Because of this, revisions are difficult for me.  I don’t mean the subtle fidgeting and adjusting we all do with the words, the language used to tell the story.  I mean the big stuff where you realize that a particular moment in the story has come too soon, or too late, or you need to insert a scene here, or a moment there.  I mean the type of revision that affects character, or theme, or plot at the fundamental level.  In the time it takes me to go back and insert a single page of this deeper kind of revision, I can usually write about ten pages of new material.  Deep revising is time consuming and it’s hard.  That’s because I can’t simply write a new page, cut, then paste it into the text.  It’s more complicated than that.

Working in a deep revision is like going back and dropping a rock in a pond.  Once I do that, I’ve disturbed the whole narrative surface and I have to follow the ripples outward in every direction from the point of impact.  A deep revision will change characters’ future choices, it may re-tune the tension and conflict, or it might throw off the pacing.  I have to trace those effects from one side of the story to the other.  I have to go back and make sure I’ve set the new scene up adequately in the preceding pages.  I have to follow the story along and see how the deep revision impacts every subsequent scene after it, because it inevitably does.

I know my book needs this new scene.  And I know that once I’ve done the work and smoothed the surface back out, the resulting story will be better for it.  So that’s what I’m working on.


8 responses to “Follow the Ripples”

  1. I just finished a lot of revisions like that. Guess that’s why it took so long–kept having to go through the entire document and make sure everything still worked and make a million tiny changes because of one thing added or changed.
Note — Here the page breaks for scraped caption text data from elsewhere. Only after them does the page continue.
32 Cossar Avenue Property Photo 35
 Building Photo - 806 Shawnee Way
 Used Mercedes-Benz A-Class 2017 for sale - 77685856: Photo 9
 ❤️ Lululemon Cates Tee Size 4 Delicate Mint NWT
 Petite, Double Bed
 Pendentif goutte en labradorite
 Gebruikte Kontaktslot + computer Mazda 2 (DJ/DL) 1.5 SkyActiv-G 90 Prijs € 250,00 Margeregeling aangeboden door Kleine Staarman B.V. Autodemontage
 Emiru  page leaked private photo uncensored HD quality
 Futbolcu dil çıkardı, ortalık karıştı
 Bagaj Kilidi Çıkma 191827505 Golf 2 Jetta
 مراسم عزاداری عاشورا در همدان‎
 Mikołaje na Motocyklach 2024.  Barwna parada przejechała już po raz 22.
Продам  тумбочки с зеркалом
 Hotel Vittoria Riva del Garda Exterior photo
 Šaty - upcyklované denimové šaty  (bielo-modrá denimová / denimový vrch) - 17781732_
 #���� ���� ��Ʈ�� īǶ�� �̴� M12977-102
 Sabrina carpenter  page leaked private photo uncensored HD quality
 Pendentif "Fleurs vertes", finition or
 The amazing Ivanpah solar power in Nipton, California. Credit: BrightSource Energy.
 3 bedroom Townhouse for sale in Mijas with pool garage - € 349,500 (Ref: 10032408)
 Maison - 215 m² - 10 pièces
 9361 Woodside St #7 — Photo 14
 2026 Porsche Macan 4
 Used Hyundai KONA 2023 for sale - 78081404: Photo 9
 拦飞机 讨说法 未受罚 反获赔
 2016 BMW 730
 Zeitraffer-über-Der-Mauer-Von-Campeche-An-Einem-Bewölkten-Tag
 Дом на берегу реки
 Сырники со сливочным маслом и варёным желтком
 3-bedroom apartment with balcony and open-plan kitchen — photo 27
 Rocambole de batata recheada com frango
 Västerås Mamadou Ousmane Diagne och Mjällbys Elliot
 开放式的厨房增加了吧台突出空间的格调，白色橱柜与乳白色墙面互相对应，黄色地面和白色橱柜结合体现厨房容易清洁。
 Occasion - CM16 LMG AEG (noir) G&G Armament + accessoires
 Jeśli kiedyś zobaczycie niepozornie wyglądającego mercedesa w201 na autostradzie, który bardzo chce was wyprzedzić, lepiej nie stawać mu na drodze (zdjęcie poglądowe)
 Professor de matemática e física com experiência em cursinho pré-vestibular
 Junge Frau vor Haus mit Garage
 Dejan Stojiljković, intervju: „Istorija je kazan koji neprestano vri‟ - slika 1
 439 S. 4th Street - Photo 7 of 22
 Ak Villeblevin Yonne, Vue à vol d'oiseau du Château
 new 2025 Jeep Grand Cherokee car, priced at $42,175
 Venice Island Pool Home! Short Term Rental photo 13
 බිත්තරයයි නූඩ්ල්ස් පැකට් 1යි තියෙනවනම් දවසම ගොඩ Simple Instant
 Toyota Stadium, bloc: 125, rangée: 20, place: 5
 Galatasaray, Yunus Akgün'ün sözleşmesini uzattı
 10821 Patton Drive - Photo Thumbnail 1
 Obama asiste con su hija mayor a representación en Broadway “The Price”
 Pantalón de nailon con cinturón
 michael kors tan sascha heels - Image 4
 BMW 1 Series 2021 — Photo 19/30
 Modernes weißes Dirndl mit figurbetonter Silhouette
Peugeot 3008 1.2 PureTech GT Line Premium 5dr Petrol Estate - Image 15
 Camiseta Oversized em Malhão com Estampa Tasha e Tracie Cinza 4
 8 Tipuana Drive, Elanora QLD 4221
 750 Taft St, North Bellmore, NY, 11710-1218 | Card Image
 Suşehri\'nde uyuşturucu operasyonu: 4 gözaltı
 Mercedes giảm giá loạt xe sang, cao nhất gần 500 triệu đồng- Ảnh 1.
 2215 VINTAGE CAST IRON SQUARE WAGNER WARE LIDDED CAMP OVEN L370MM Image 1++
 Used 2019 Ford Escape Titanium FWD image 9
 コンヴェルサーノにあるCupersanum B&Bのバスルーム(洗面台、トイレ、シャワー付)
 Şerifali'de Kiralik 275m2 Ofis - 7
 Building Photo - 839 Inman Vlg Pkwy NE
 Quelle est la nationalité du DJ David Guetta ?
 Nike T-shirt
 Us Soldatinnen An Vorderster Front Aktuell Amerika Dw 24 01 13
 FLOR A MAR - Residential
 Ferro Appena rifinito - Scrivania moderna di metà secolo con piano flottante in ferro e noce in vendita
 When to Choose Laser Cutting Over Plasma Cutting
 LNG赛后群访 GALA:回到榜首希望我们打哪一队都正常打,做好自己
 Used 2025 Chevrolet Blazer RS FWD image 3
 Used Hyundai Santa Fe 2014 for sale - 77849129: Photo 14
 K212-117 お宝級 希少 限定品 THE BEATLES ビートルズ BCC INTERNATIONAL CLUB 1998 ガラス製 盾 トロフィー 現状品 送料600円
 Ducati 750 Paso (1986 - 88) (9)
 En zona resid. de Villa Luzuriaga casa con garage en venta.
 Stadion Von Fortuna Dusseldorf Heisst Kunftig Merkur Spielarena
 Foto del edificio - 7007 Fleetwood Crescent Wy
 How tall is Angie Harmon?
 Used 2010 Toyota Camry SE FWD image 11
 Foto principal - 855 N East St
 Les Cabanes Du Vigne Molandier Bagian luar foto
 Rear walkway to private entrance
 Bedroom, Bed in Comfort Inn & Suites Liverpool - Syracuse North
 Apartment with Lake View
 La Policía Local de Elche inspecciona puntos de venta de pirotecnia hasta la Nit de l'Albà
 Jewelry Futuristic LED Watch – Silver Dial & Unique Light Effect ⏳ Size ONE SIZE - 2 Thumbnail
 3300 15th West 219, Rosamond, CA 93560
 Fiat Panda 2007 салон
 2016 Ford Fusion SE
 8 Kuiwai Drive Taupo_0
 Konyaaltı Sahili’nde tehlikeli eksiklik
Good luck with yours. It’s only painful because you’re conscientious. If you were sloppy it’d be easy.

  2. It seems to me that every rock dropped into the pond has a backstory you can’t always ignore even if you write linearly. You can’t ignore the rock’s shape, its size, what propelled it, or its composition to fully understand its ripples and splash. Since every story begins in medias res eventually the bog myrtle or something else will come into it.